Lembro-me da minha primeira aula sobre Inquérito Policial. E
lembro-me das palavras do professor e de como minhas antenas ficaram
ligadas apitando o sinal de alerta. Ora, o que eu aprendi sobre o IP? O
clássico “é um procedimento de caráter instrumental que pretende
esclarecer previamente os fatos tidos por delituosos antes de ser
ajuizada a ação penal”.
Segundo Tourinho Filho,
O inquérito policial é o conjunto de diligência realizadas pela Polícia Judiciária para a apuração de uma infração penal e sua autoria, a fim de que o titular da ação penal possa ingressar em juízo.
Até aí tudo bem. Todo mundo sabe e concorda, não é? O problema é que meu professor logo avisou: “- para a doutrina majoritária, como uma das características do IP é ser inquisitivo, não se admite a possibilidade de defesa.” E pronto! Encerrou-se a conversa e a aula seguiu o seu rumo a fim de que entendêssemos por que é inquisitivo.
O problema é que fui formado no modelo de educação de Rubem Alves e aprendi com ele que “a curiosidade é uma coceira nas ideias”,
então comecei a querer acabar com esta coceira e fui pesquisar sobre o
assunto. Para mim, não é possível que uma maioria diga uma coisa e a
gente trate isto como normal...
Então fui até o livro “Curso de
Direito Processual Penal”, escrito por Nestor Távora e Rosmar Rodrigues
Alencar, ed. 2015, e estava lá:
A inquisitoriedade permite agilidade nas investigações, otimizando a atuação da autoridade policial. [...] Admitindo a possibilidade de defesa na fase inquisitorial, porém em posição francamente minoritária, Marta Saad aduz que “[...] não se pode afirmar que não se admite o exercício do direito de defesa, porque esta tem lugar “em todos os crimes e em qualquer tempo, e estado da causa, e se trata de oposição ou resistência à imputação informal, pela ocorrência de lesão ou ameaça de lesão”.
Ora, até quando deveremos abandonar as ideias dos “francamente minoritários”?
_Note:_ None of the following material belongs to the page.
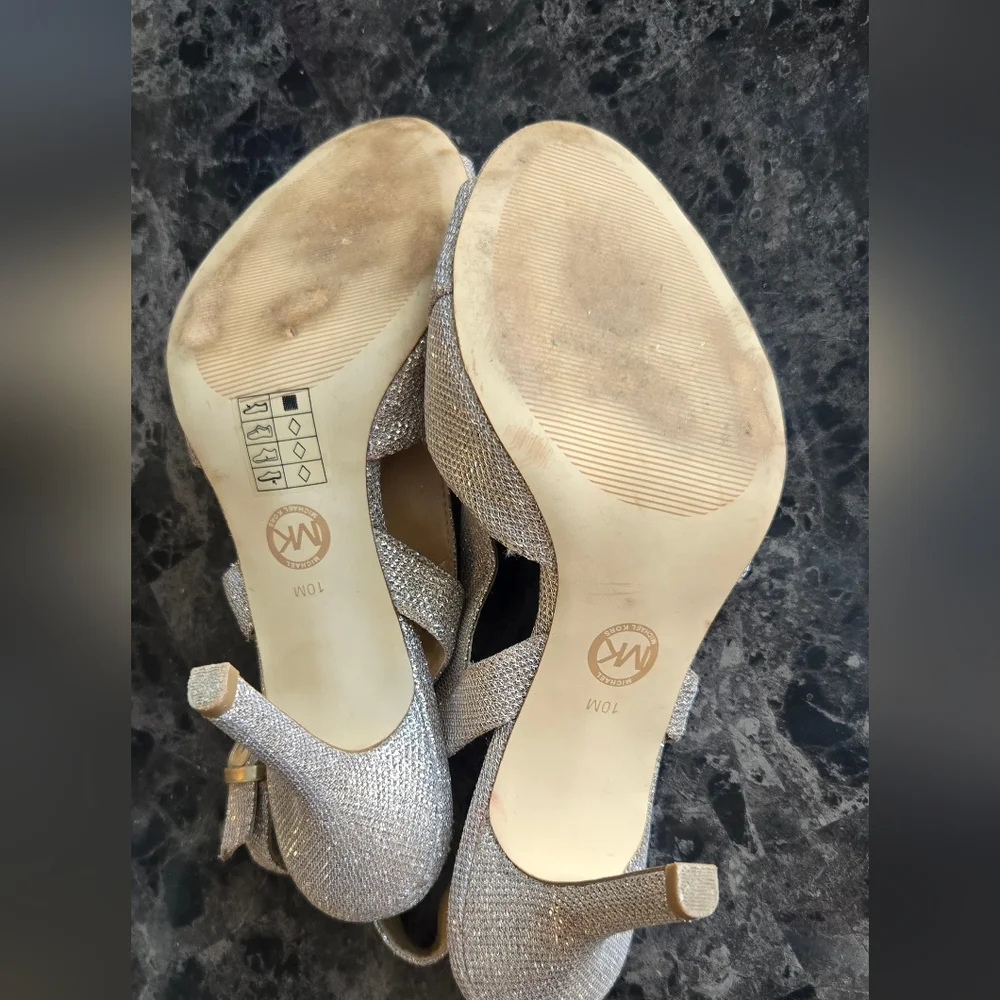 Michael Kors Silver Glitter Strappy Heels ✨ Evening Sandals Sze 1M - Picture 8 of 8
O fato é que todos sabemos que é muito mais fácil governar num regime
ditatorial e que realmente é muito mais ágil para a investigação
policial um regime inquisitivo, mas e as consequências advindas disso
tudo? Aliás, ditadura e sistema inquisitivo são gêmeos siameses.
Se
a finalidade do Inquérito é apurar autoria de crime e conhecer o
verdadeiro autor do fato que infringiu a norma, é inadmissível que, ao
constar suspeito, este não tenha direito à ampla defesa e ao
contraditório: um documento acusando-o de algo está sendo formado. É a
vida do sujeito.
Mas, apesar de Távora e Rosmar citarem apenas a
Marta Saad como parte de um grupo francamente minoritário que apoia a
ampla defesa no IP, com alegria encontro pessoas como o Aury Lopes Jr.
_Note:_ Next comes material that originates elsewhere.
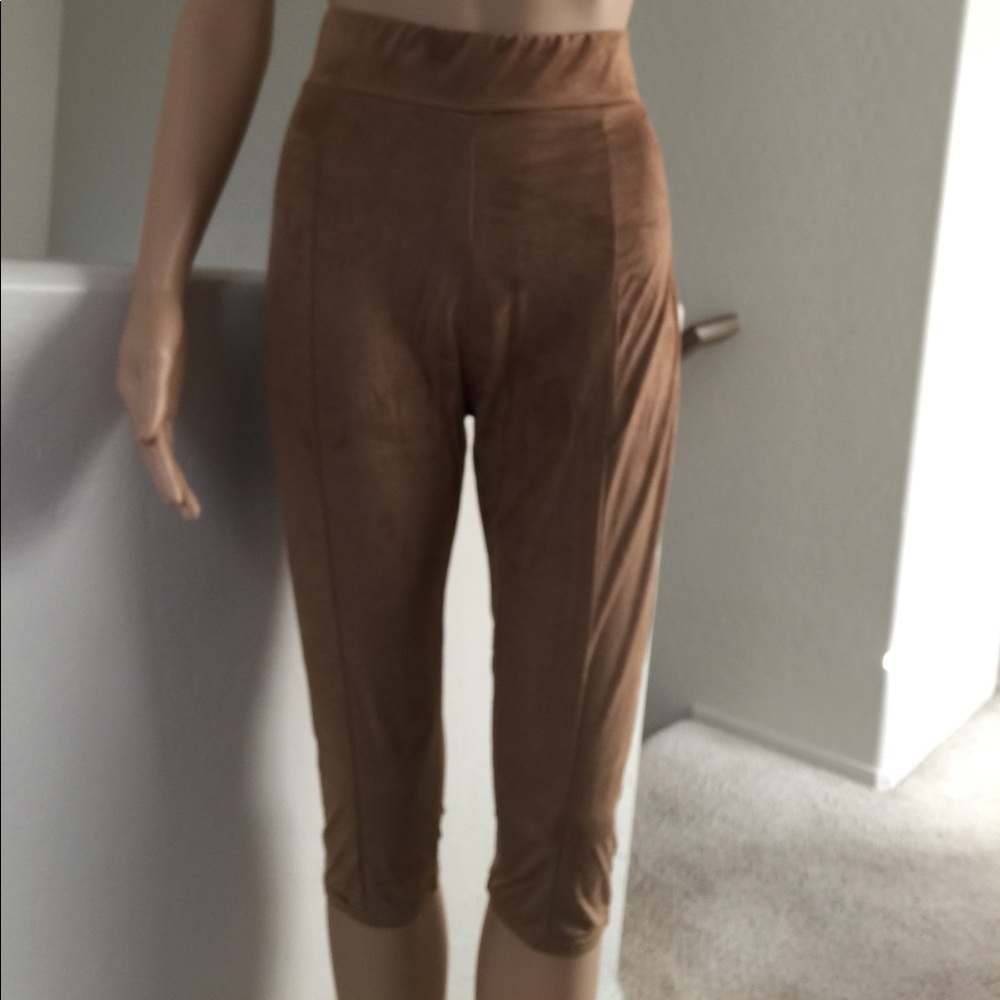 Faux suede capris pants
Para este, em sua obra “Direito Processual Penal”, ed. 2014, p. 338
É lugar-comum na doutrina a afirmação genérica e infundada de que não existe direito de defesa e contraditório no inquérito policial. Está errada a afirmação, pecando por reducionismos.
Aury,
com a maestria que lhe é peculiar, entende que qualquer notícia-crime
imputa um fato aparentemente delitivo a uma pessoa e, desta forma, já se
vislumbra uma agressão ao imputado e que tem potencialmente força para
gerar no plano processual uma resistência. Logo, se vê que a defesa é de
suma importância no Inquérito Policial, sim, pois, por meio dela, o
suspeito pode chamar a atenção do titular do Inquérito Policial para
algo que ele não havia atentado e, desta forma, contribuir para que não
haja injustiça ao apresentar uma investigação equivocada, pois
unilateral.
Nenhum sistema inquisitivo deve prosperar em um
Estado Democrático de Direito. Para mim, só por conter o nome de
inquisitivo ele já é inconstitucional, afinal de contas vivemos numa era
de Neoconstitucionalismo, não é verdade? Chega de falar em princípios, é
preciso efetivá-los. E é lógico, um inquérito policial, inquisitivo,
quer apenas dar poder à autoridade policial sob a argumentação de que
esta precisa trabalhar com autonomia e liberdade. Mera carta branca para
tolher a autonomia e liberdade do investigado.
Desta forma, não tenho como não concordar com o Aury Lopes quando diz que “existe
direito de defesa (técnica e pessoal – positiva e negativa) e
contraditório (no sentido de acesso aos autos). O desafio é dar-lhes a
eficácia assegurada pela Constituição.” E digo mais: o desafio é garantir o que reza a nossa Constituição,
e também, pois muito importante, acabar com esta coisa macabra que é,
em sala de aula, adotar a ideia majoritária e passar por cima de quem
pensa diferente. Chega de educação inquisitiva também! A sala de aula é
lugar de divergências e não de apenas ensinar o essencial; salvo, claro,
se estivermos pensando apenas em responder questões de concurso público
onde imperam as ideias da maioria dona do mercado concurseiro - mas
isto é assunto para outro dia...
Inquérito Policial sem ampla
defesa e contraditório é aberração jurídica. E que Deus nos livre das
aberrações do ensino jurídico. Amém!